■ **Problem description**
Give again, character for character, the lines that lie between the first line of the material and the line with "Camiseta blanca extragrande", inclusive. Omit pictures.

■ **Collected data**

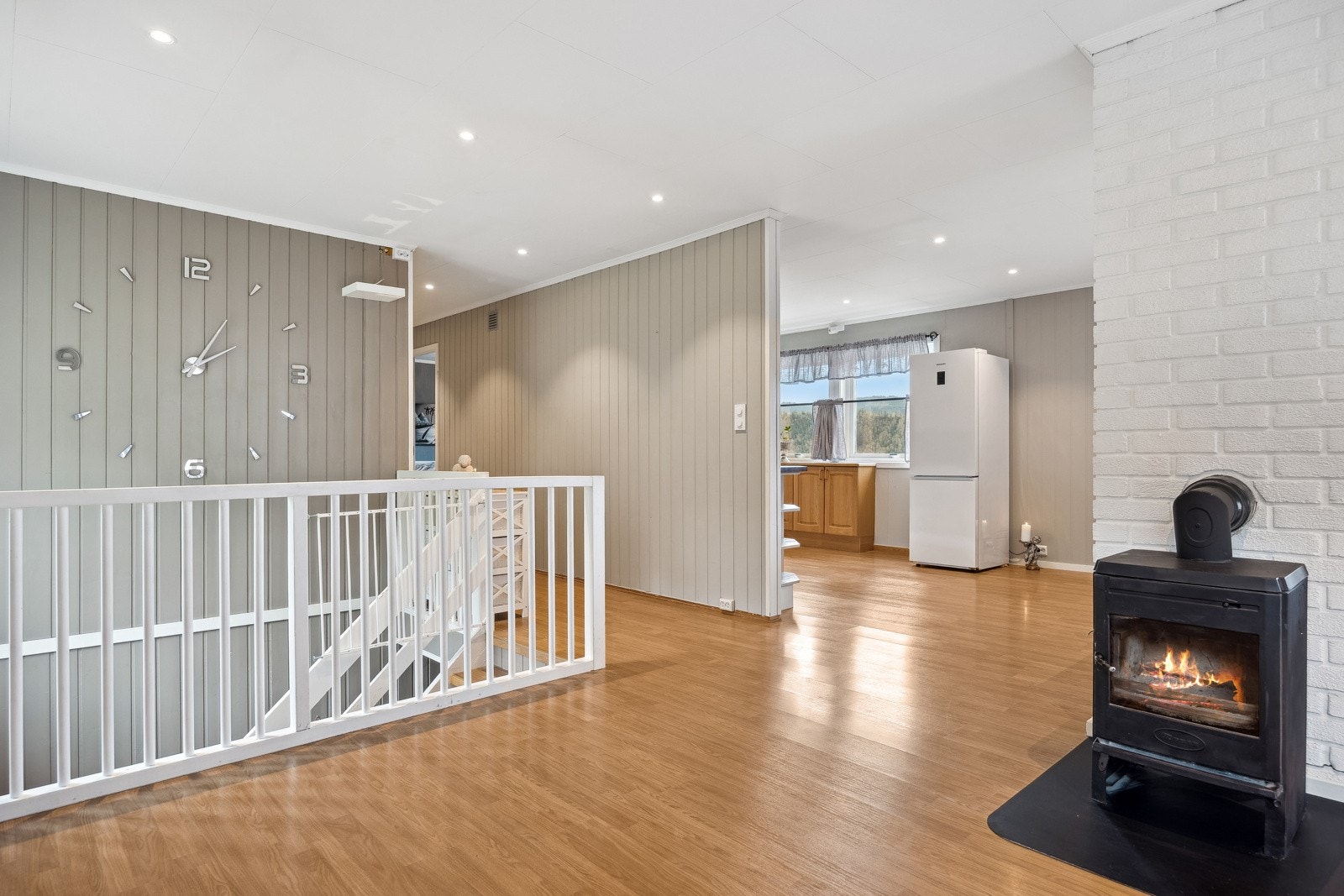 Stuen byr på peisovn som varmer godt og skaper en lun atmosfære på kalde vinterdager. Galleribilde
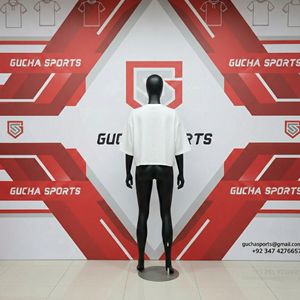 Camiseta blanca extragrande para mujer con logo GEN Z LUX, tela de algodón suave, corte holgado, estilo streetwear moderno para uso casual. - Product Image 4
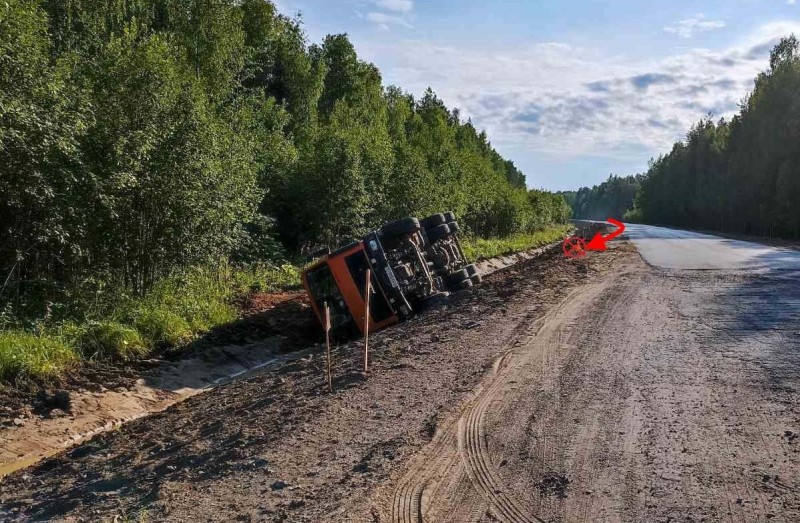 Под Сыктывкаром водитель МАЗа опрокинулся в кювет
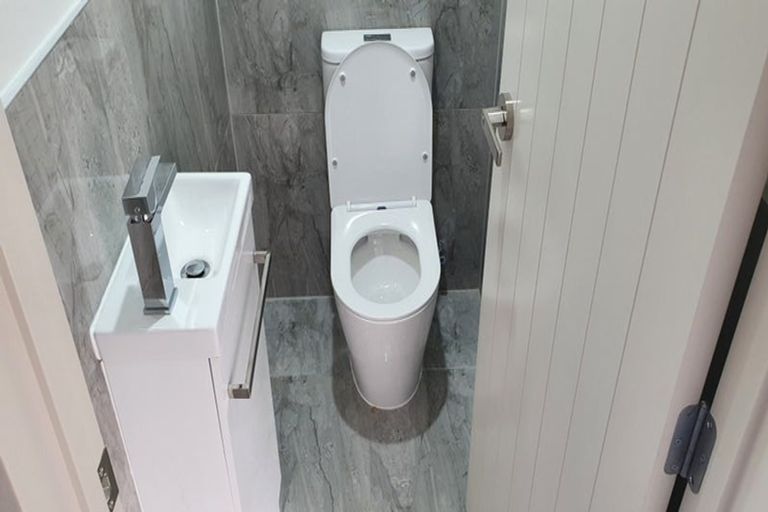 Photo of property in 28 Allen Street, Mangere East, Auckland, 2024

■ **Final answer**
 Stuen byr på peisovn som varmer godt og skaper en lun atmosfære på kalde vinterdager. Galleribilde
 Camiseta blanca extragrande para mujer con logo GEN Z LUX, tela de algodón suave, corte holgado, estilo streetwear moderno para uso casual. - Product Image 4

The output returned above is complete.